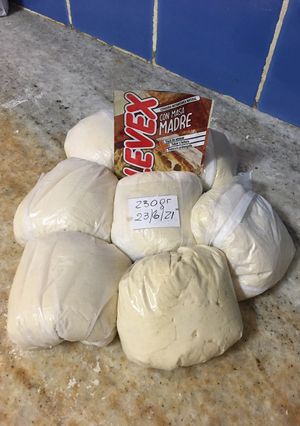 Una foto de Bollos de pizza para freezer con levadura MasaMadre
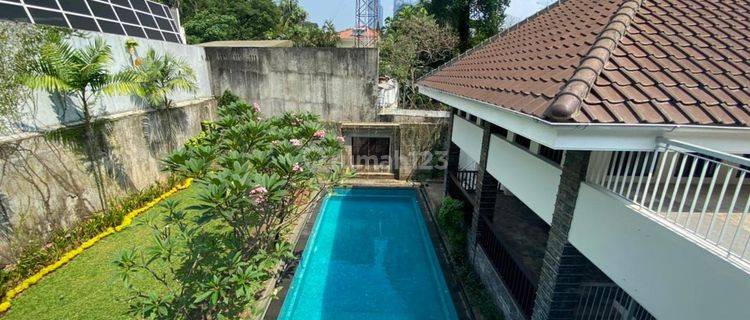 Rumah 2 Lantai Tropical Menteng Ada Pool di Menteng Jakarta Pusat 1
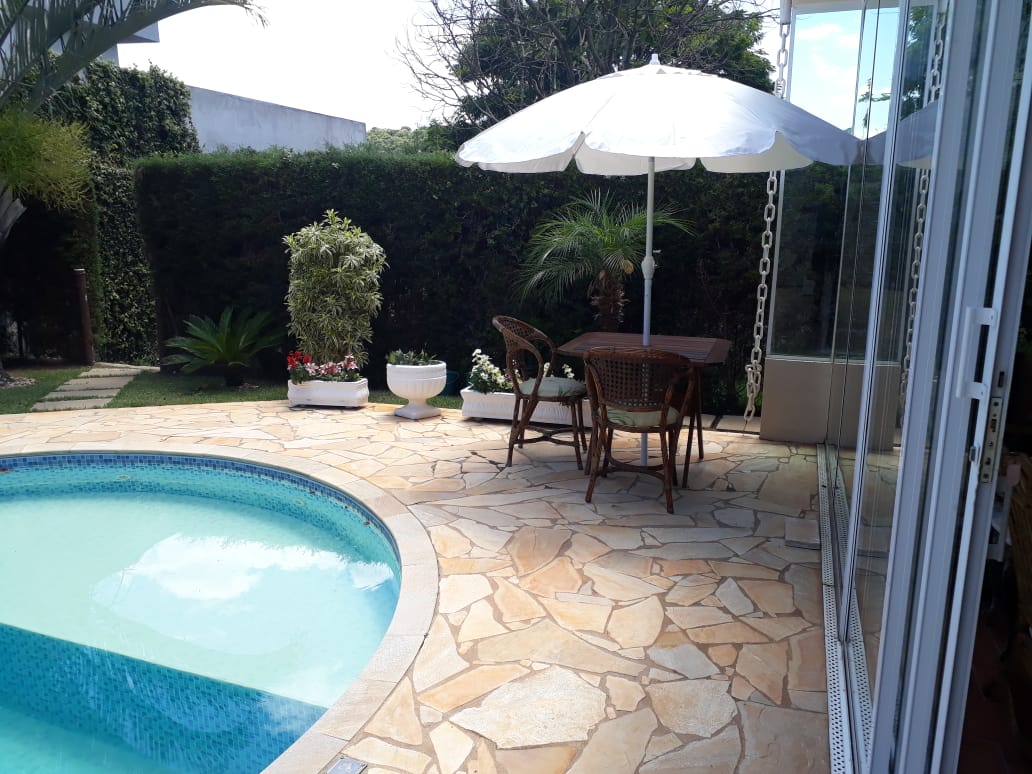 Imagem Sobrado com 4 Quartos à Venda ou Locação, 387 m² em Jardim Dona Carmela - Atibaia Imagem Sobrado com 4 Quartos à Venda ou Locação, 387 m² em Jardim Dona Carmela - Atibaia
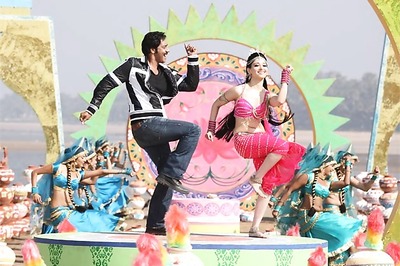 Amit Kumar sings 'Naino mein sapna' in 'Himmatwala' remake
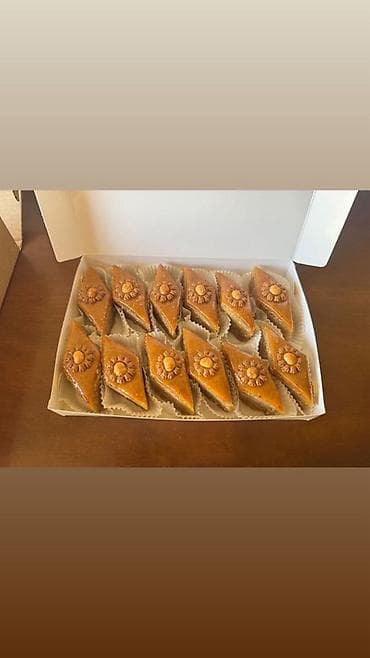 arpa unu satışı: Milli şirniyyatlar – əl işi - Qat-qat badambura və şəkərbura: xəmiri — 6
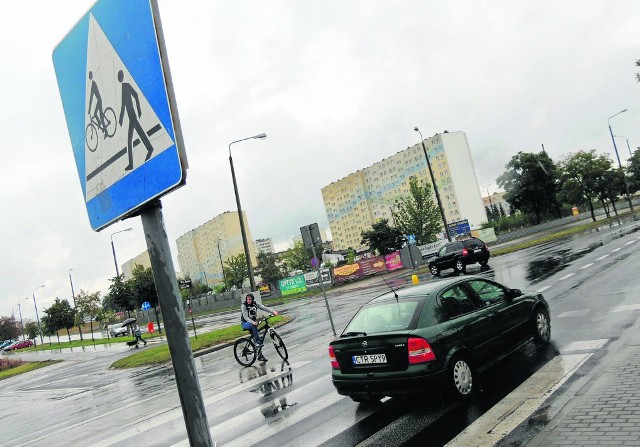 Na skrzyżowaniu ul. Przy Skarpie i Konstytucji 3 Maja zginęła rowerzystka. Przejazd zostanie dodatkowo oznakowany.
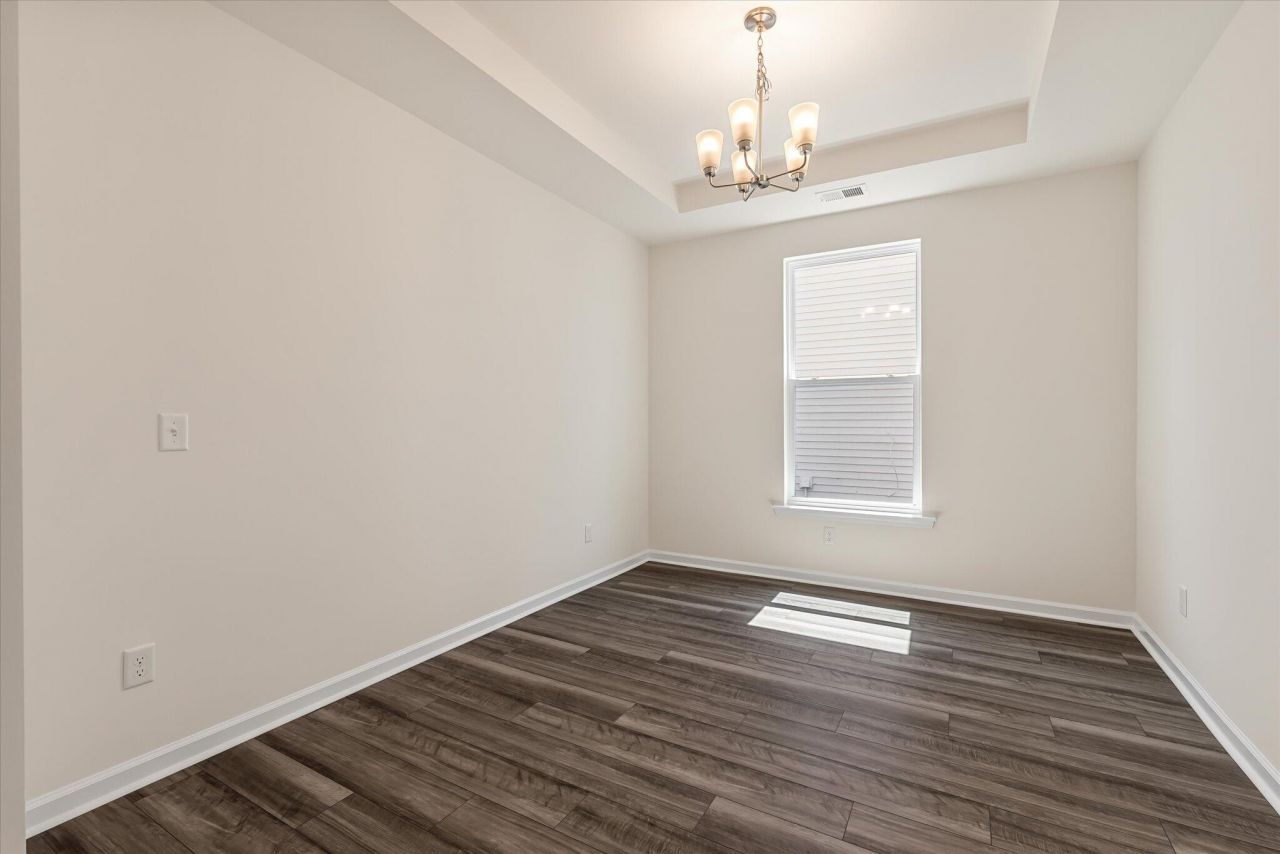 109 Shingle Oak Drive Photo 8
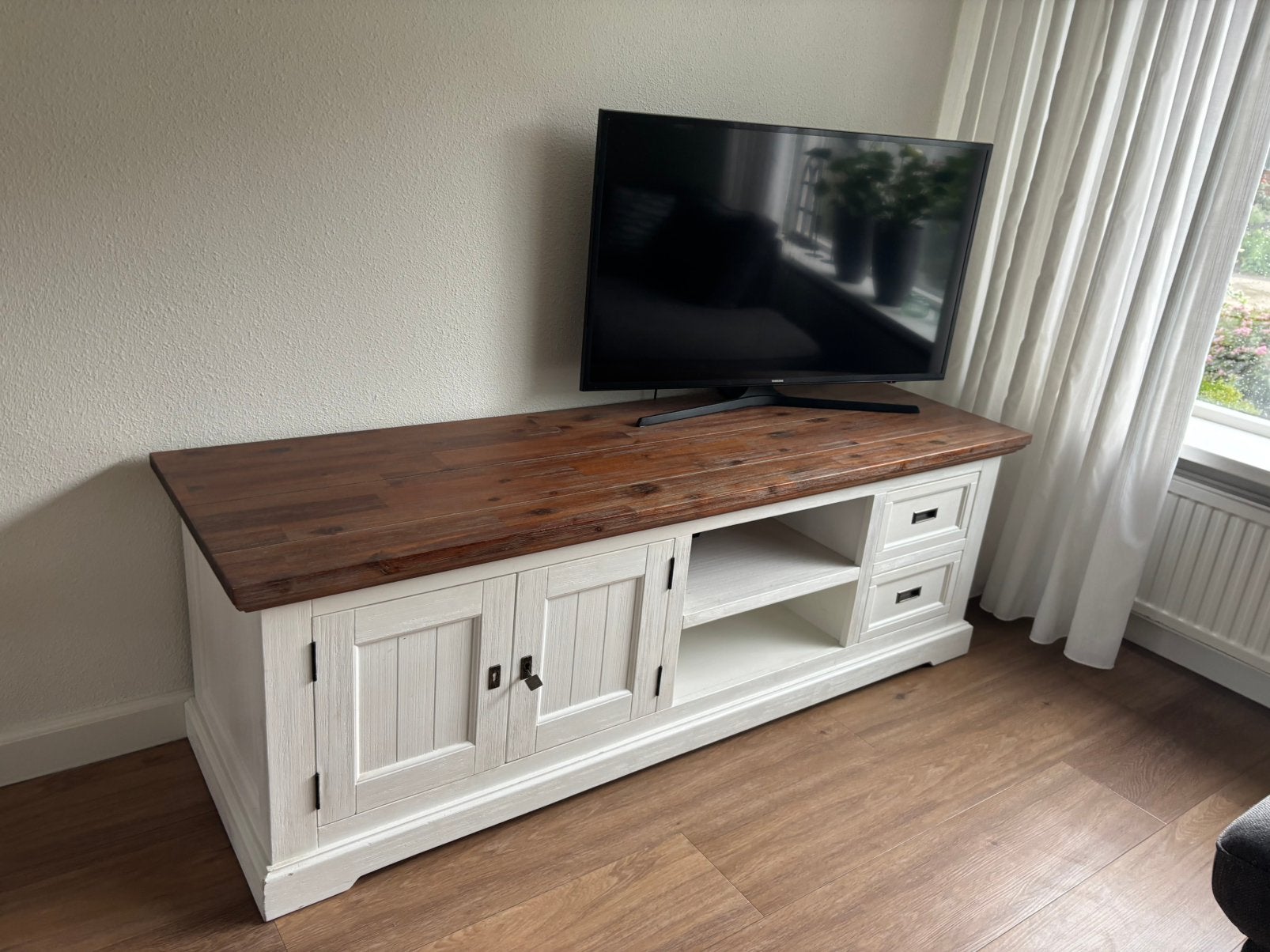 TV dressoir den Bommel Surrey (180cm) - Acacia hout., Ophalen, 150 tot 200 cm, Zo goed als nieuw, Minder dan 100 cm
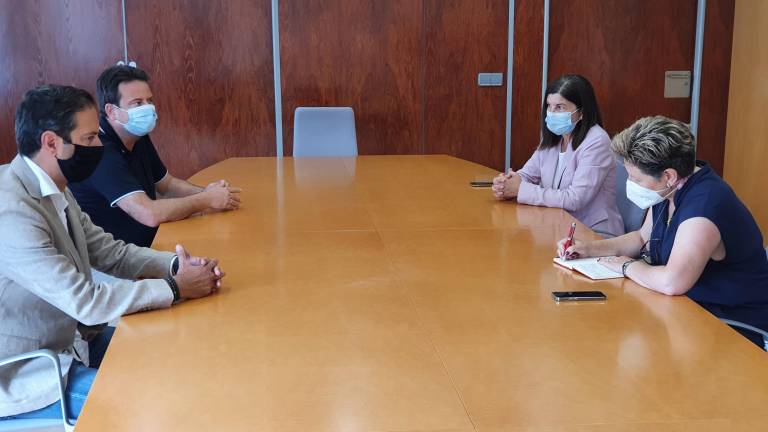 Imagen de la reunión mantenida este miércoles de los tres municipios de la Costa Daurada con la delegada del Govern Teresa Pallarès. Foto: ACN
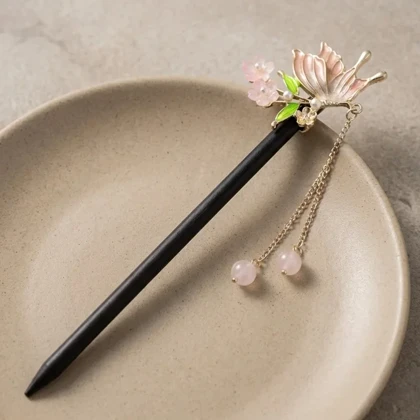 کانزاشی مو زنانه چوبی با آویز گل و پروانه مدل لپیرا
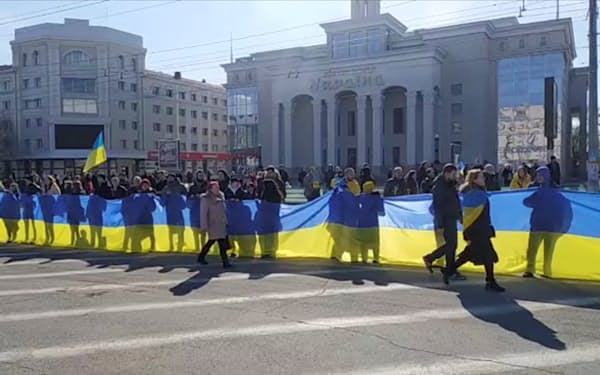 ウクライナ南部のヘルソン州ではロシアの占領に対する住民の抗議が続く（３月、ＳＮＳの動画）＝ロイター
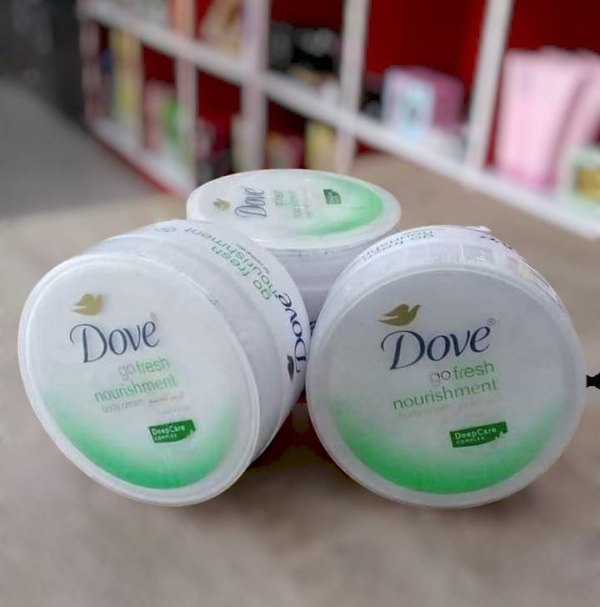 Nourishing Face Moisturizer for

__ASSIGNED TASK__: Return the material as it stands. Leave out the pictures.

__SOLUTION FOR THIS PROBLEM__:
 Una foto de Bollos de pizza para freezer con levadura MasaMadre
 Rumah 2 Lantai Tropical Menteng Ada Pool di Menteng Jakarta Pusat 1
 Imagem Sobrado com 4 Quartos à Venda ou Locação, 387 m² em Jardim Dona Carmela - Atibaia Imagem Sobrado com 4 Quartos à Venda ou Locação, 387 m² em Jardim Dona Carmela - Atibaia
 Amit Kumar sings 'Naino mein sapna' in 'Himmatwala' remake
 arpa unu satışı: Milli şirniyyatlar – əl işi - Qat-qat badambura və şəkərbura: xəmiri — 6
 Na skrzyżowaniu ul. Przy Skarpie i Konstytucji 3 Maja zginęła rowerzystka. Przejazd zostanie dodatkowo oznakowany.
 109 Shingle Oak Drive Photo 8
 TV dressoir den Bommel Surrey (180cm) - Acacia hout., Ophalen, 150 tot 200 cm, Zo goed als nieuw, Minder dan 100 cm
 Imagen de la reunión mantenida este miércoles de los tres municipios de la Costa Daurada con la delegada del Govern Teresa Pallarès. Foto: ACN
 کانزاشی مو زنانه چوبی با آویز گل و پروانه مدل لپیرا
 ウクライナ南部のヘルソン州ではロシアの占領に対する住民の抗議が続く（３月、ＳＮＳの動画）＝ロイター
 Nourishing Face Moisturizer for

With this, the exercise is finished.